For a band to be contacted by Hopeless within a year of forming is a pretty big deal. Only forming in 2014, they seem surprised themselves. ‘It was pretty surreal’ says Brad, ‘A lot of us grew up listening to the bands that were on Hopeless’.  Adam adds ‘When Hopeless signed us the emo revival thing was happening real hard, so I think thought lets pick up this band from the Philly area that’s kind of doing the emo thing.’

“The music just writes itself now…”

It’s important to not overlook musical backgrounds of bands and musicians. In a day and age where music is so accessible it is easy to take music at face value and ignore the process and history that shapes the music we hear. Joe played the trumpet in high school which explains a lot of the jazz influences intertwined with their music, Adam was in a marching band and Ian played the cello.  Brad explains how the band began saying ‘We were all into music growing up and had siblings that were into this sort of music and got us into bands like American Football. Living in our area it seemed like you would be involved in music somehow, we just slowly came together and formed this band.’

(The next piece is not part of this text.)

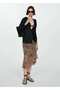 Gathered Leopard Print Skirt - 2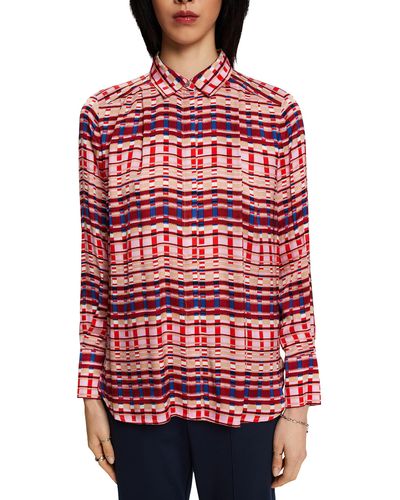 Esprit Collection 013eo1f306 Blouse - Red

Bands are constantly evolving and Dryjacket are no different, Brad speaks of their evolution since they began. ‘We work a little bit more efficiently now everyone knows how each other operate, it’s like we all finish each other’s sentences with music instead.’ The relationships between members of a band are the glue that holds them together. Adam expresses this notion with great enthusiasm. ‘Joe came to us with a song recently and I immediately knew what my part was gonna be and we thought “oh it just writes itself now”. So I think now we connect and understand each other’s writing styles better now’.


It’s fascinating to understand the differences within live music across the globe and captivating to realise that people in different parts of the world are all brought together by the same the same music. Live music unites people in a way that society often takes for granted. The band talk about the biggest differences they have noticed on their second UK tour between US and British live music culture; praising the UK’s live culture; ‘I think people in the UK are more willing to show that they’re excited about the music if they are, in the states there’s a mentality where even if they know the words they won’t always sing along, you have to prove yourself.’

The interview is wrapped up with Joe talking about the new album. ‘We’ve just been working on a new album just demoing songs we already have half the record demoed, the game plan for when we get home from this tour is that there’s a couple of demoed tracks that we have to work on still and then just write the rest, we’re hopefully gonna record in summer.’

Dryjacket are a band who clearly loves what they do and are rightfully excited about their future, and so are we.